How to Create a Highly Successful Open Source Project

December 25th, 2007

I’ve been making public releases of Unworkable, a simple and efficient from-scratch BitTorrent implementation written in C for a couple of months now. Prior to that, I had been working on it for about 18 months on and off. While I wouldn’t claim it to be highly successful at this early point, I make an effort to try to manage the project well, and I intend to write about some of my ideas and the things I have learned along the way.

Here are some of my thoughts so far:

Release early, release often. This advice was, to my knowledge, first phrased in this way by Eric S. Raymond, but its a pretty straight-forward observation. I attempt to put out two releases per month - roughly one every fourteen days. A reliable release cycle sends a great message to users. It shows them that you care about your project, that it is actively and reliably developed and it pushes you toward an evolutionary, as opposed to revolutionary, approach to development.

Focus on incremental improvements. This is closely related to the above point, and is something I greatly admire the OpenBSD project for adhering to so strictly. Reliability and stability are far more important in the long term than having the latest whiz-bang feature. There is no shortage of low quality software in the world - concentrate first on doing a small set of things very well, gradually adding new features as existing ones stabilise.

Strive to make your project as portable as possible. This is sadly often overlooked. A depressingly large amount of open source software today is written with the assumption that it will only ever run on Linux on the i386 platform. First of all, your goal should be to attract as many users and contributers to your project as possible. The more platforms you can support, the larger your potential pool of feedback and support. Secondly, supporting multiple platforms forces you to write code capable of dealing with both little and big endian architectures, different pointer sizes (32bit vs 64bit), and differing alignment requirements (for example sparc64 is rather strict about this). All of these differences can expose nasty bugs in your software, and its great to squash them early on! Thirdly, it pushes you in the direction of increased modularity and almost certainly necessitates a well-maintained build system - both of which are important in the long term.
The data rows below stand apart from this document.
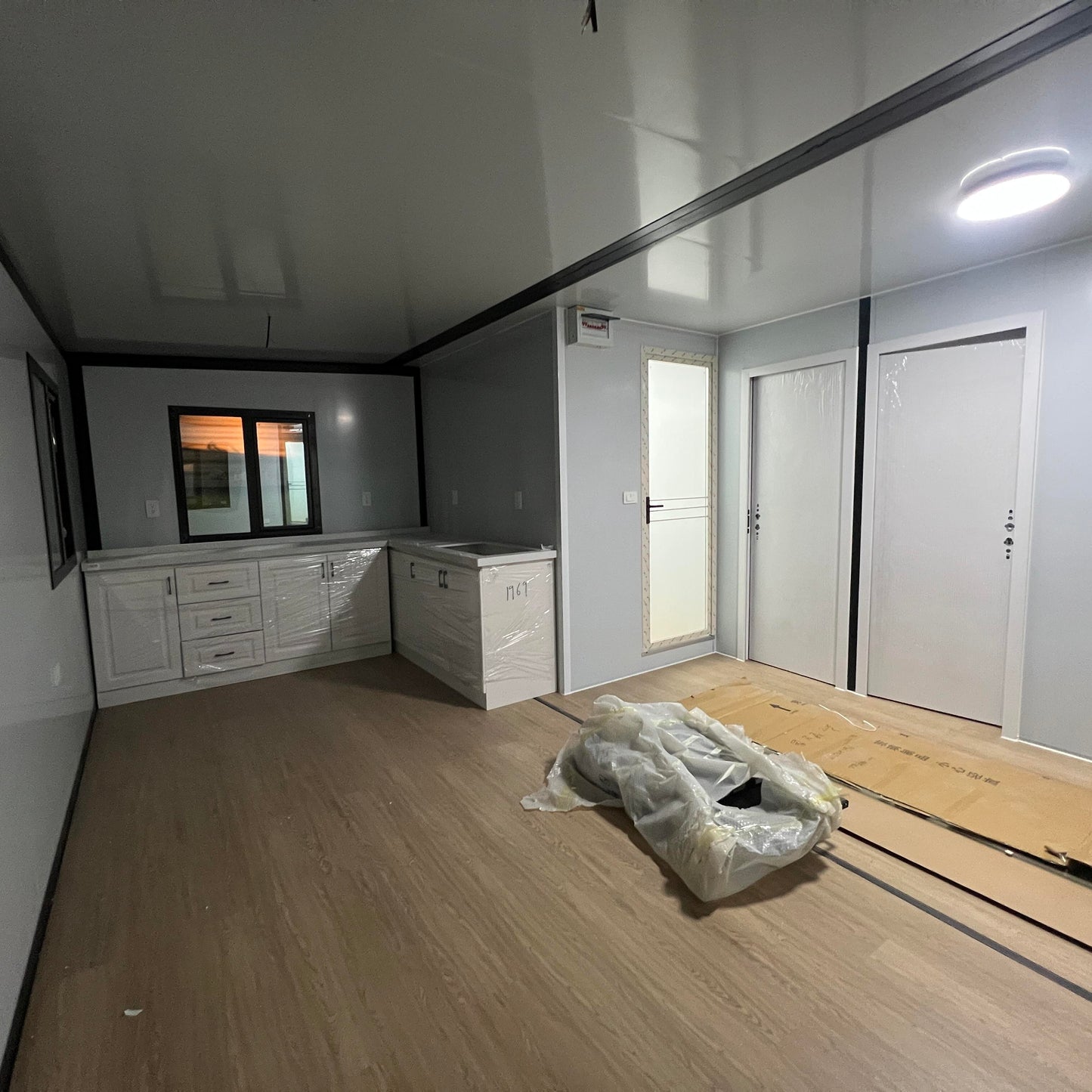 Multi-Use Expandable Prefab Container Home – Modular Mobile Living House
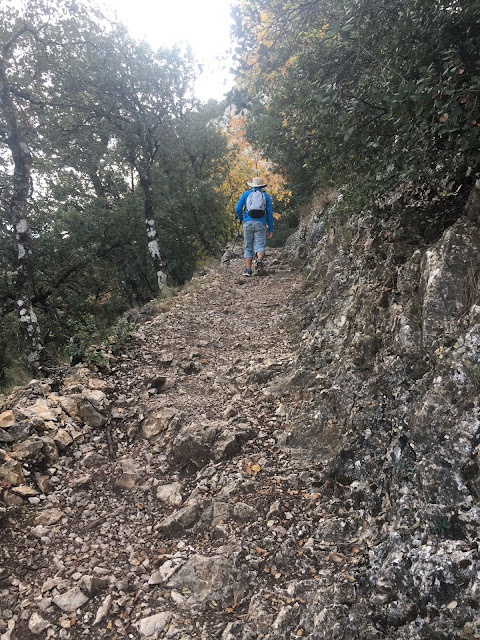 salida en familia, senderismo, font roja, menejador, Santuario de la Font Roja. Barranco del Infierno. Mirador de PIlatos, Mas de Tetuan, Cava Coloma, caminata,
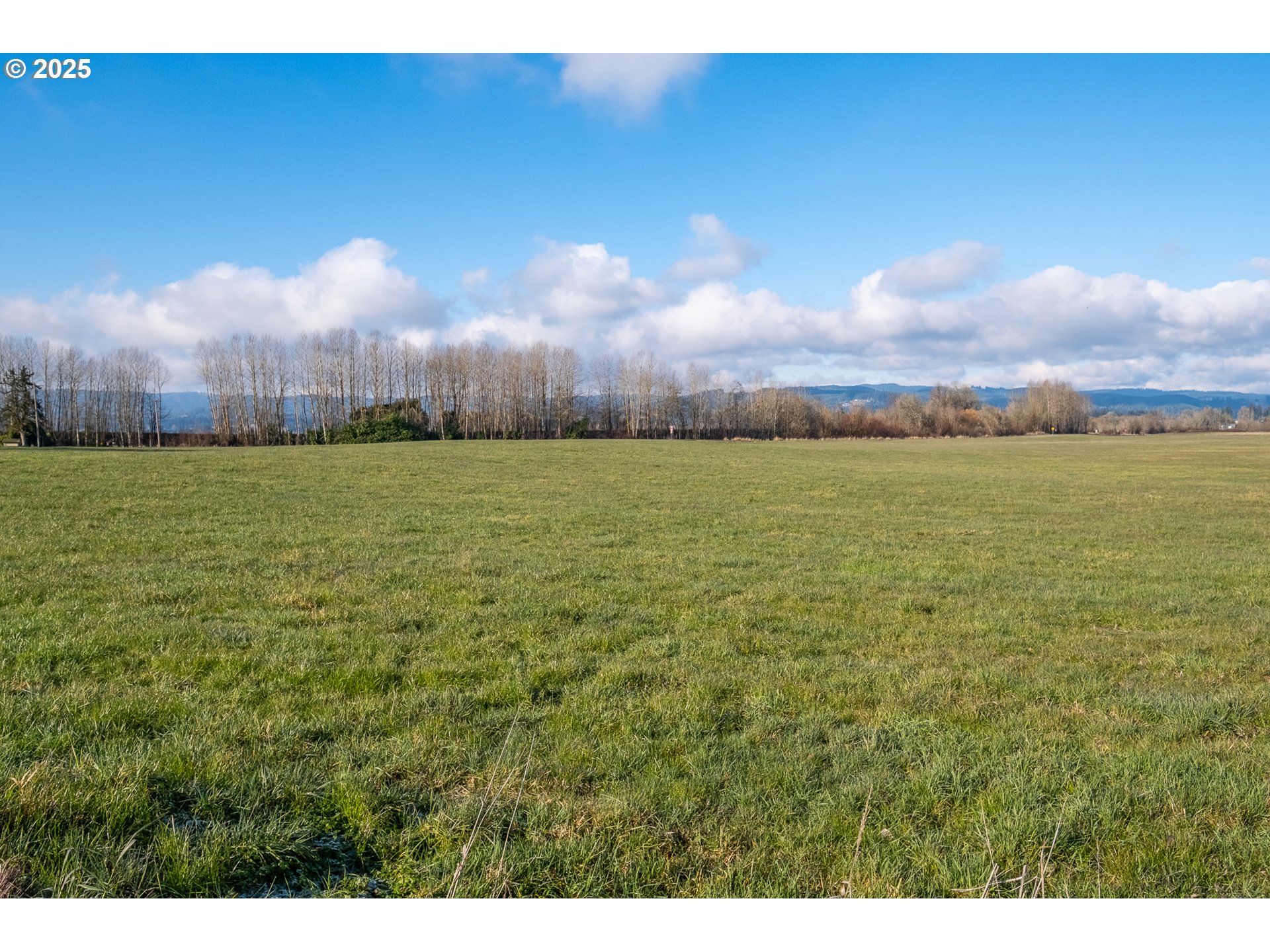 35308 Riverside Lane Scappoose, OR 97056 - Photo 27 of 48 a view of an ocean and beach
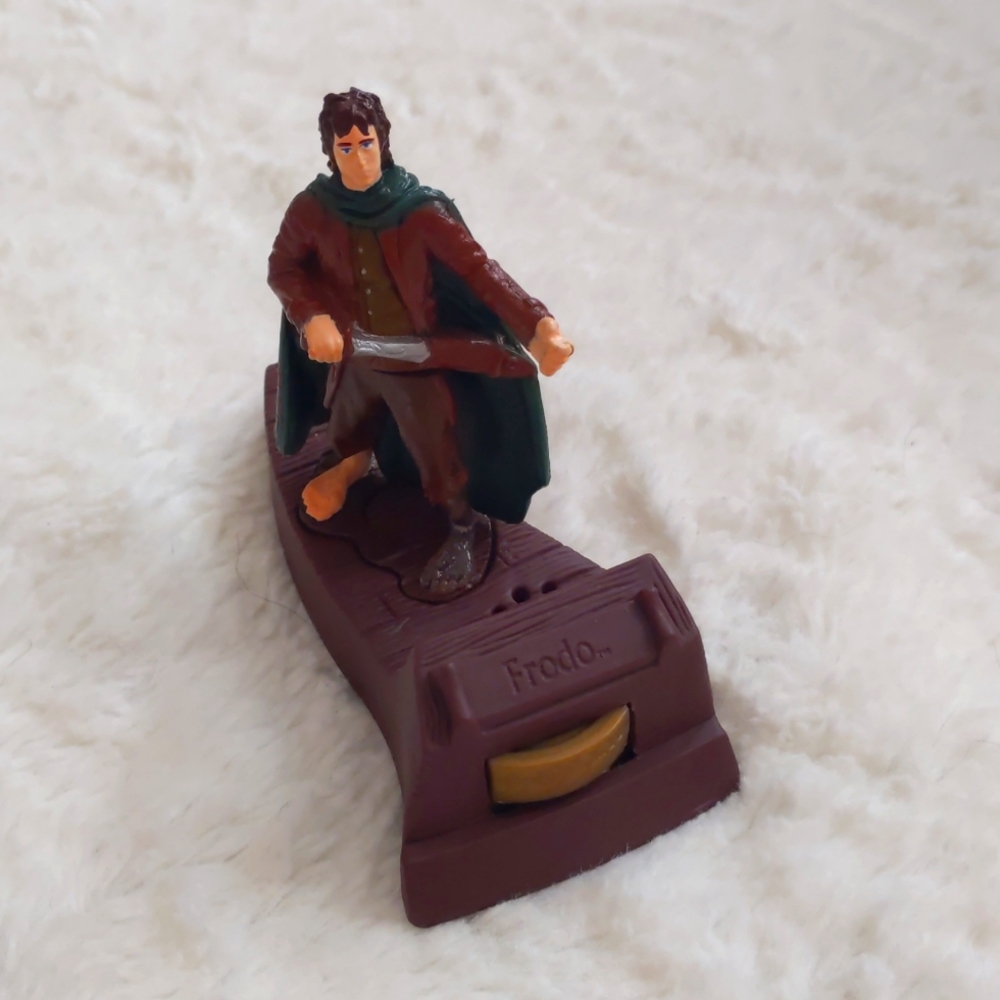 2001 Lord of the Rings Frodo Action Figure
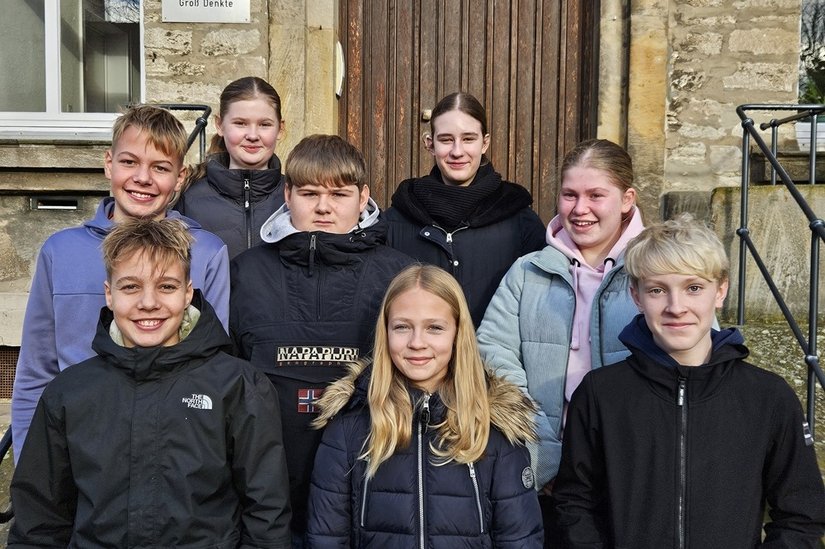 Jonne Krisp, Jonte Krisp, Fine Rockmann, Mel Giesler, Mira Hoppmann, Mia Elbracht, Lena Oravetz, Louis Wente (v.l.n.r., es fehlt: Emila Hofmann)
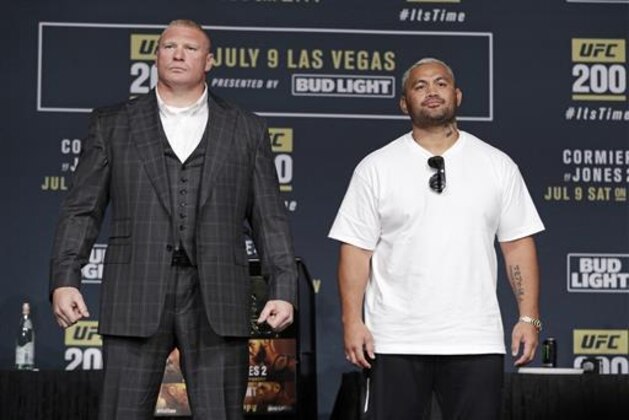 Brock Lesnar, left, and Mark Hunt pose for photographers during a UFC 200 mixed martial arts news conference, Wednesday, July 6, 2016, in Las Vegas. The two are scheduled to fight in a heavyweight fight at UFC 200 on Saturday. (AP Photo/John Locher)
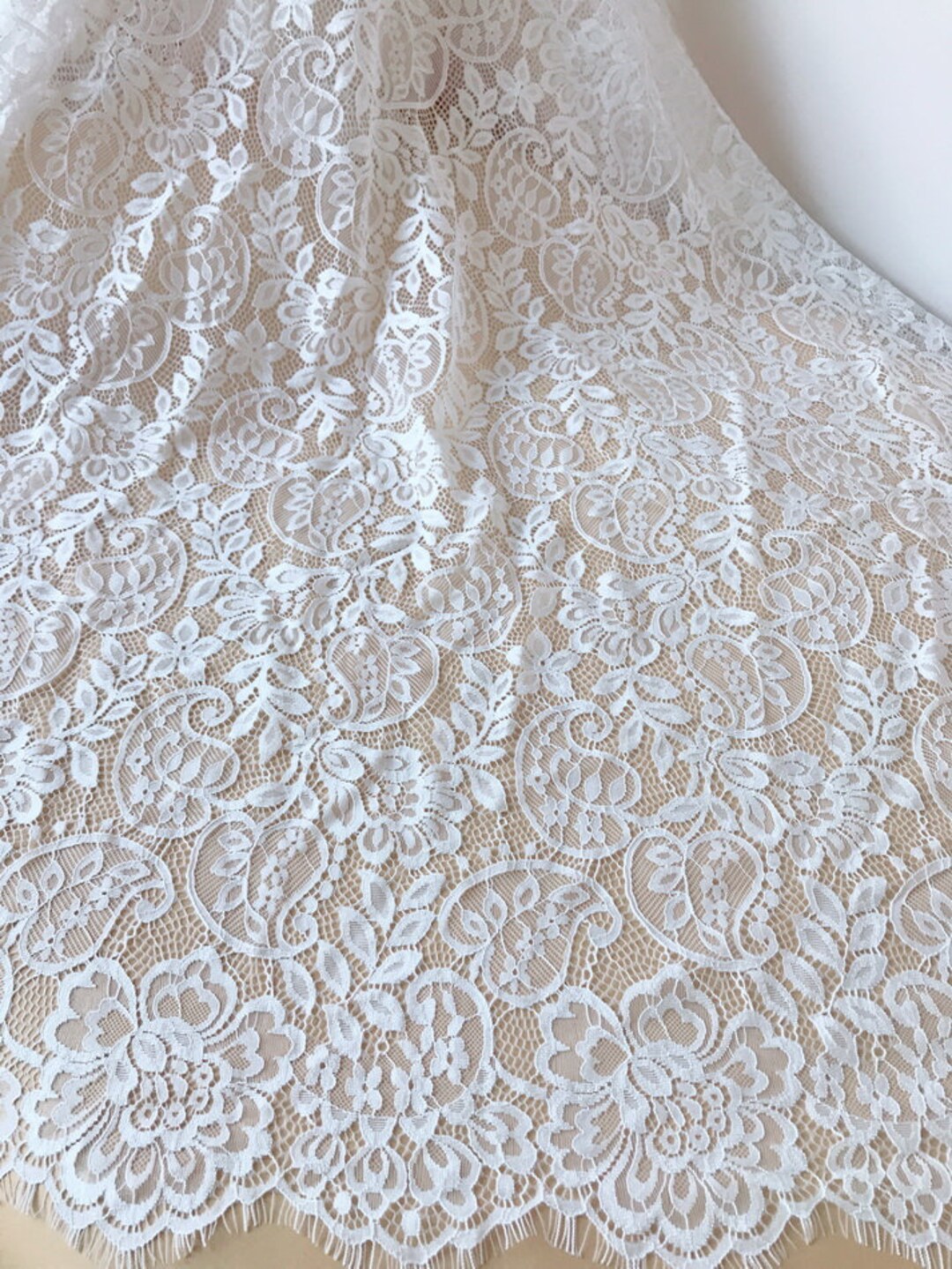 White Paisley Fabric Elegant French Chantilly Flower Scalloped Fabric ...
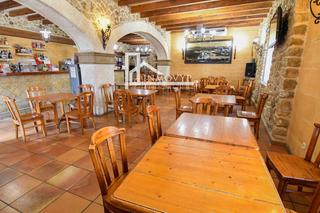 Edifici  Plaza mayor. Bar restaurante en biniamar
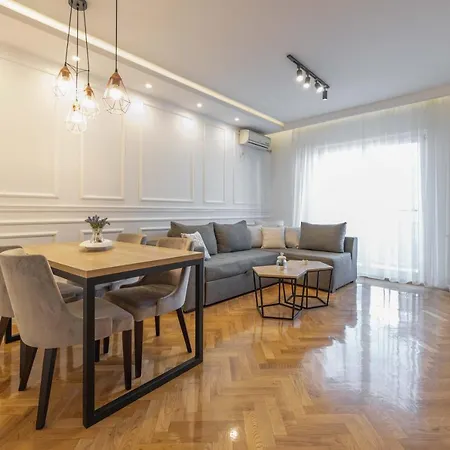 Marina With Free Parking 아파트 노비사드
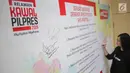 Aktivis lintas lembaga dan komunitas masyarakat sipil mengumpulkan tanda tangan saat menyosialisasikan gerakan 'Ayo Nyoblos Ayo Pantau Pemilu 2019' di Kantor Bawaslu, Jakarta, Selasa (2/4). Gerakan ini terbuka bagi seluruh elemen masyarakat yang mencintai NKRI. (Liputan6.com/Faizal Fanani)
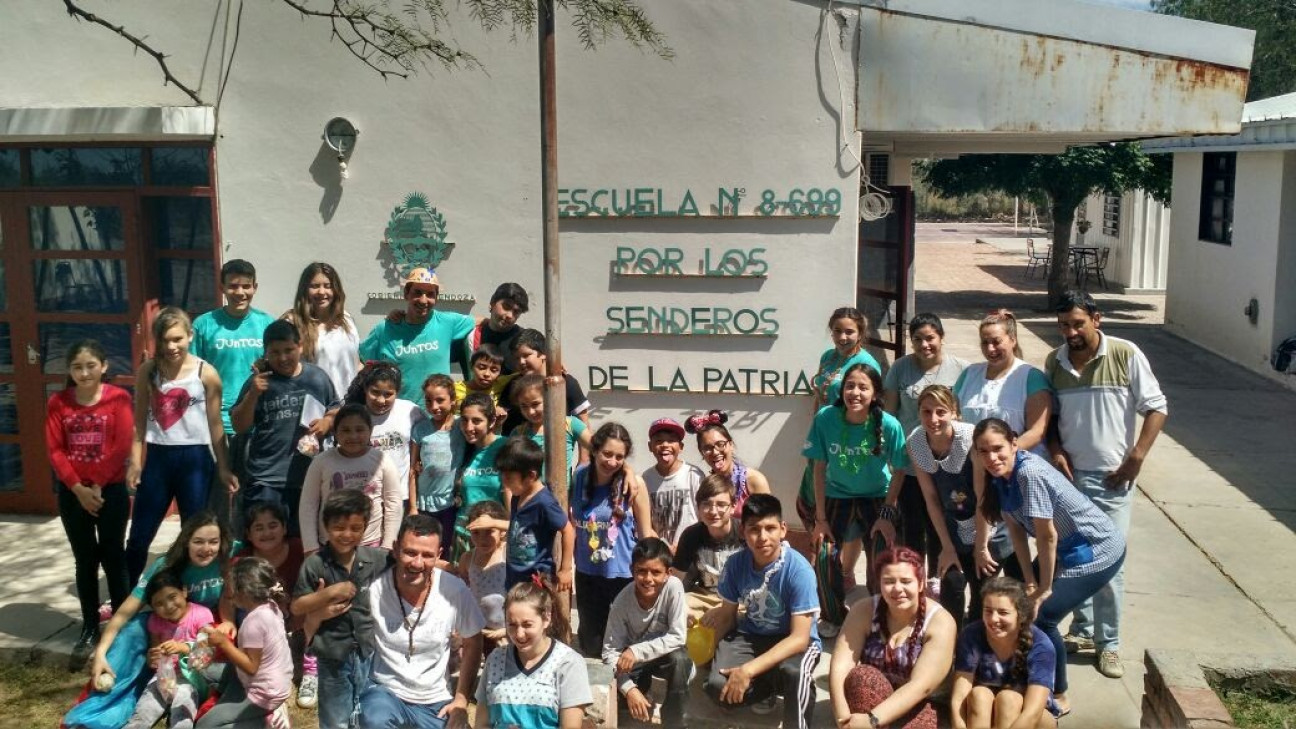 imagen Visita solidaria a la escuela "Por los senderos de la Patria"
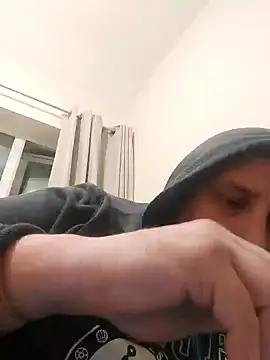 Snapshot of HE-M123 chatting on 1, 12, 2024 HE-M123 online show from 1, 12, 2024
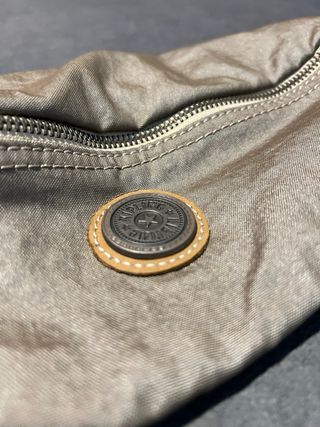 Riñonera Kipling Beige y Plateado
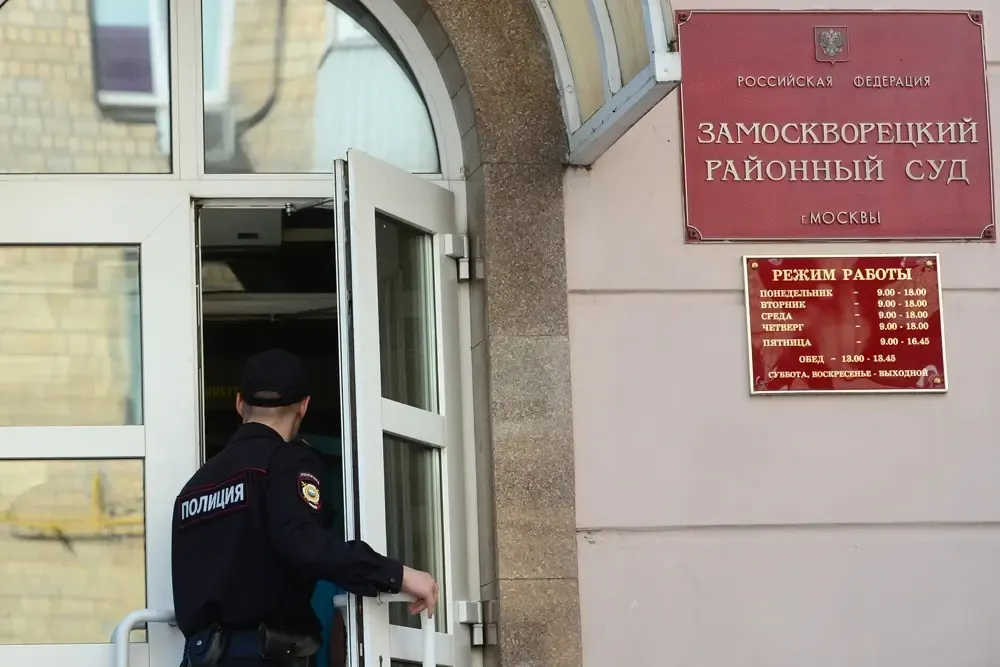 Замоскворецкий суд отправил в СИЗО гендиректора ООО «ГЭХ Закупки» и заместителя руководителя «Газпром энергохолдинга». Их обвиняют в получении многомиллионных взяток при заключении контрактов и покровительстве поставщикам.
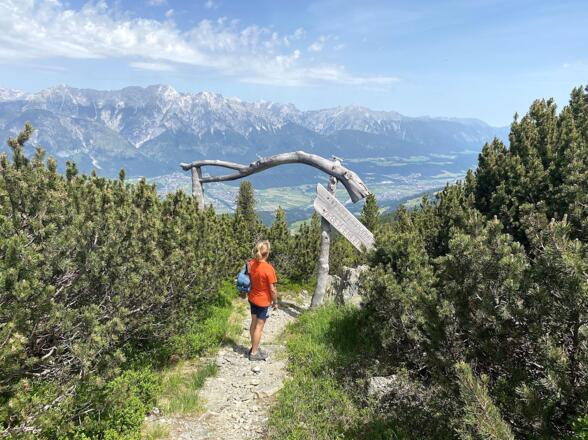 Mit dem hölzernen Durchgang erreicht man auch den bekannten Zirbenweg.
Embrace criticism. One of the most terrifying things about releasing your code as open source is that other people are able to look at it, pick it apart, criticize it. Many people are very afraid of this sort of negative criticism - they feel that it is a personal attack. Instead of dreading criticism, learn to embrace it. Realise that negative feedback is completely disconnected from you - it says nothing about you as a person. See it as extremely valuable input, use it to drive yourself to make improvements. Commercial software developers pay top dollar for QA departments, third party audits and analyses, user surveys and so on - you are getting this stuff for free! Furthermore, the ability to constructively accept criticism of your work is a great asset that will make you highly attractive to potential employers.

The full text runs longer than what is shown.